Indy's breath caught on a shuddering sob. "I pulled the trigger."

He was silent for a long time. Then he raised haunted eyes to her face.

"Marion," he said. No nicknames, no endearments, just her name. "Marion. A soldier may slay his enemies in battle. Only a murderer kills his brother in arms in cold blood. Look at this man whose bed you're sharing- _look at him_. Can you bear to let him touch you with these unclean hands? How can you still love him -now that you know what he is, what he's done?"

Marion, too, was silent for a long moment. Indy steeled himself to see her illusions shatter, to meet her horror and revulsion, or worst of all, to watch her leave.

Then she raised herself on one elbow, and touched his stubbled cheek, where the tears he'd shed for his comrade left a silvery trail.

"I know who you are" she said at last. "You're Indy-just Indy. I can't judge you -and I don't think someone who never crawled through in the muck in No Man's Land should even try."

Slowly, she lifted each work-roughened hand, and planted a kiss in the palm. "But I'm sure about one thing," she said "a man who _wasn't _good would have shrugged this off a long time ago. He'd make some joke about the poor devil who bought the farm and that would be that."

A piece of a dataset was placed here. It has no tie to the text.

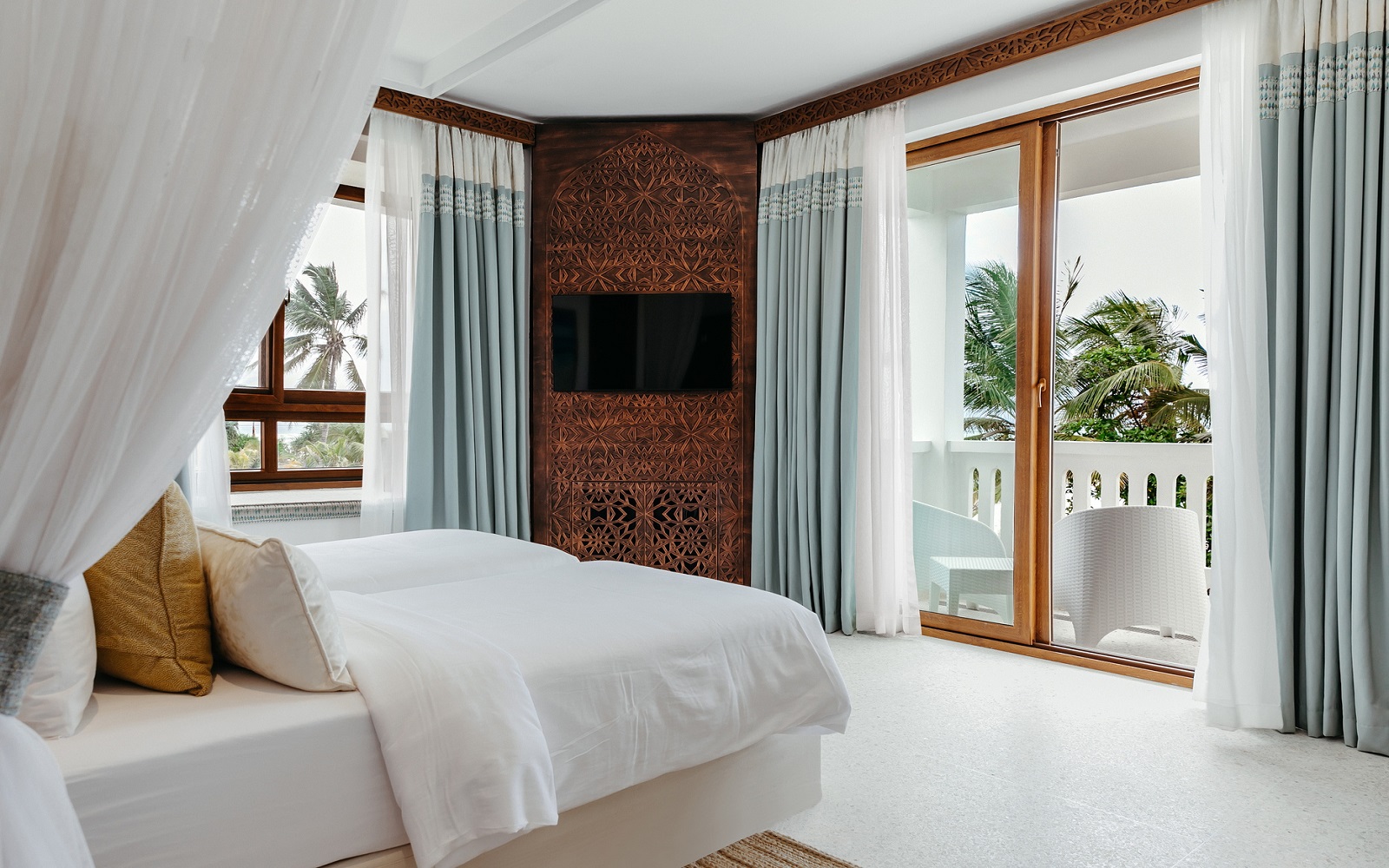 guestroom with doors leading onto balcony at LUX* Marijani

She smoothed his hair and looked at him, eyes wide and serious. "I don't think there was an easy answer, Indy. But I don't think Veronique would have wanted her man to suffer. And you know, I doubt that captain who wouldn't let you boys at least _try_ to save Alain is losing any sleep tonight. But you are- it still troubles you- because my Indy's a_ good_ _man,_ Henry Jones. I know that-and you should, too."

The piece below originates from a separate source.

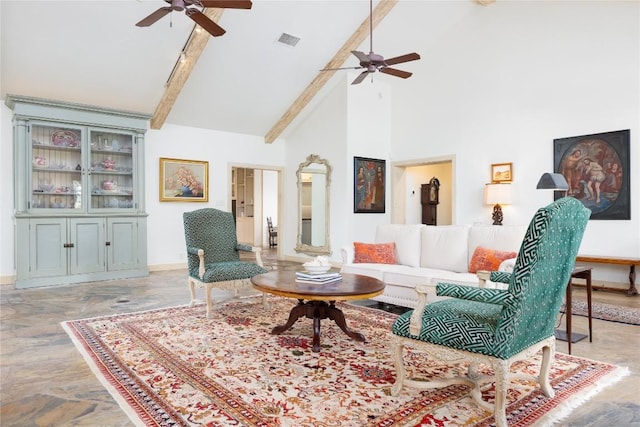 living room featuring beam ceiling and high vaulted ceiling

"Am I still _your_ Indy?" he said. "You're not gonna turn your back on me-even now?"

Marion took the hand she still held and placed it on her breast.

"Feel my heart," she whispered. "Don't they say that love is as strong as death?"

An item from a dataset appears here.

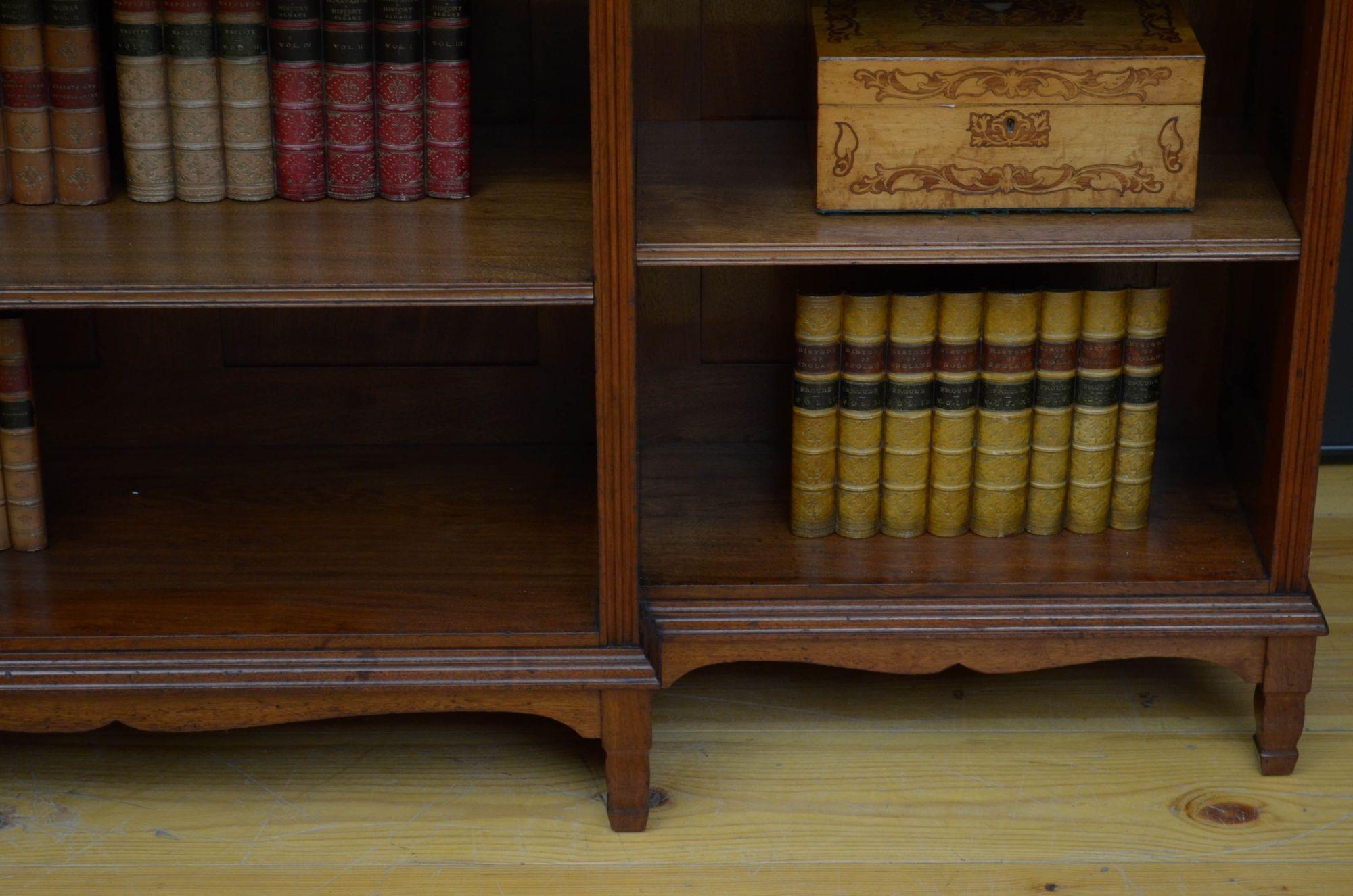 A quality walnut bookcase by Morris and co, designed by George Jack 10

Indy's shoulders loosened and the tremor left his hands. In the faint light, his face bloomed with relief and wonder. "Yes, they do," he said hoarsely. "It's in the Hebrew Bible- the Song of Songs. 'Set me as a seal upon thy heart, as a seal upon thine arm. For love is a strong as death…'"

Marion took his other hand and put it to her cheek. "Doesn't it also say 'Many waters cannot quench love, neither can the floods drown it'?"

"Yes" he managed. "Yes, it does."

"Then", she quoted, "my beloved is mine and I am his."

Indy whispered her name as they sank back on the cot "_Marion..._I lost my way_…" _

"Take my hand," she answered. "I know the way home."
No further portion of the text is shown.